Gençlerin yaptığı bir isim
listesi liste var, Sisi’nin rakipsizliğini gösteren. Fotoğraf ve ses kaydına
izin vermediler o yüzden kağıda not alabildim ancak. Bakın Sisi’nin olası rakiplerinin
başına neler gelmiş:
1/ Ahmed Konsowa, albay,
başkan adaylığını açıkladıktan sonra 6 ay hapse mahkum olmuş.
2/ Sami Anan, emekli
albay, Sisi aleyhine kampanya yapınca 30 arkadaşı ve ailesi ile tutuklanmış.
3/ Eski Başbakan, Ahmed
Shafiq, kampanya yürüteceğini açıklayınca, Birleşik Arap Emirlikleri’nden
sürülmüş.
4/ Eski Başkan Sedat’ın
yeğeni de mevcut korku ikliminden dolayı adaylığını geri çekmiş.
5/ Sosyal medya
üzerinden kampanya yürüten Avukat, Aktivist, İnsan Hakları Temsilcisi, Khaled
Ali’de Anan’ın başına gelenlerden dolayı adaylıktan çekilmiş.
Sonuç olarak bu karşıt
görüşlülerin yaptıkları bir boykot çağrısı da var ki bu konuda seslerini yükselten
13 kişi tutuklanmış durumda.
Havalimanı yolunda taksici Hossam ile konuşuyorum.

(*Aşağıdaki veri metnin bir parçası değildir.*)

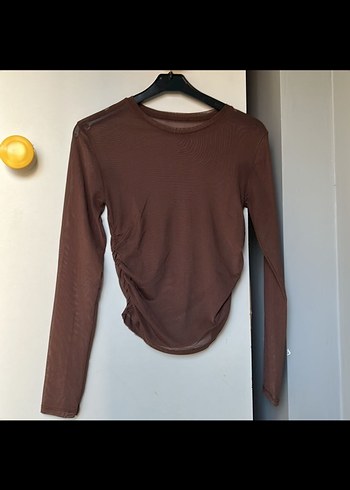 Kahverengi Uzun Kollu Basic Kadın Bluz - Görsel 2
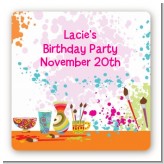 Pottery Painting - Square Personalized Birthday Party Sticker Labels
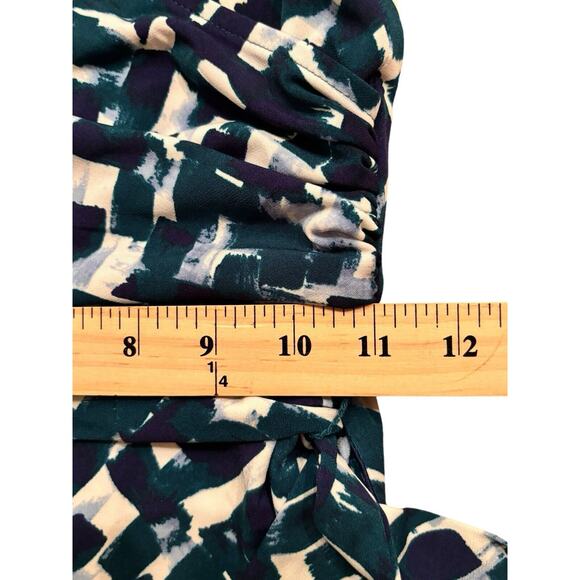 Eliza J Cap Sleeve Faux Wrap Belted Shirred Midi Dress Size 4 Green Blue White - Picture 5 of 10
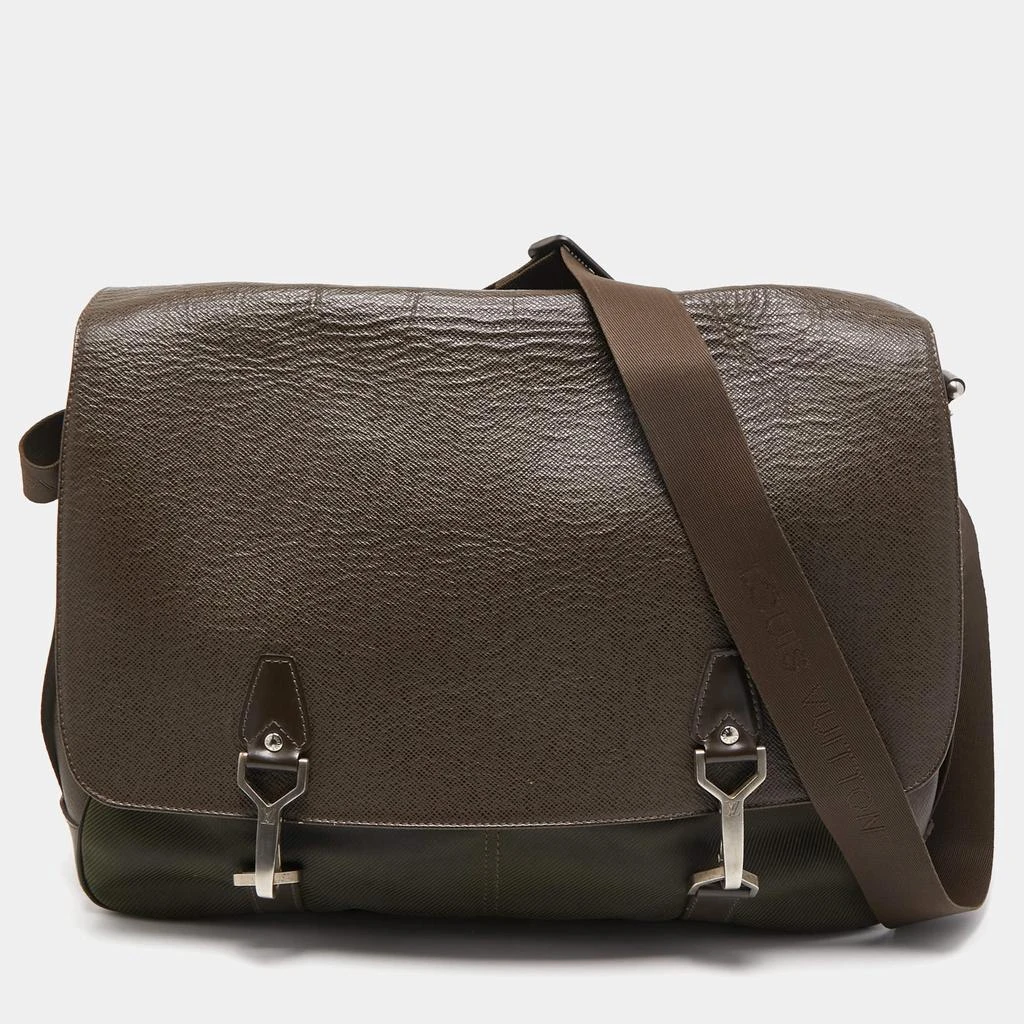 商品[二手商品] Louis Vuitton|Louis Vuitton Brown/Green Taiga Leather Dersou Messenger Bag,价格¥4996,第1张图片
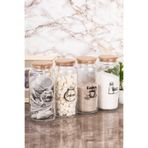 Minya Home 4 Adet 1300 ml Ahşap Vakum Kapaklı Cam Kavanoz Seti Çay Şeker Kahve Tuz Saklama Kabı Etiketli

Seçimleri 'monkey business' olarak adlandırıyor. Hossam'a göre Mısırlıların
%25'i oy vermeyecek. Sisi'yi sevmedikleri ve başka da alternatifleri olmadığı
için. Ekonomik olarak Mübarek'ten beri fiatların dört kat arttığını, Mısır'ın
doğal kaynaklar, kültür ve tarih gibi birçok alanda zengin bir ülke olmasına
rağmen, fakirleşmelerinin herkesi mutsuz ettiğini ama bunu herkesin içinde de
konuşamadıklarını söyledi. Ordu ve Polisi kontrol eden Sisi, aslında bir korku
imparatorluğu kurmuş durumda. 'Müslüman Kardeşler'in artık bir tehdit
olmadığını, destekçilerinin de etkisizleştirildiği görüşünde.
Hossam demokrasiye inanıyor ama ülkesi için bunun yakın gelecekte
olmayacağını düşünüyor.
Bütün bunları üst üste koyunca, Mısır seçimlerinin, yazının başında bahsettiğim çizgi romandan farkı yok. İnsanlar çaresiz, sessiz ve sindirilmiş. Alternatif basın ancak sosyal medyadan sesini duyuruyor.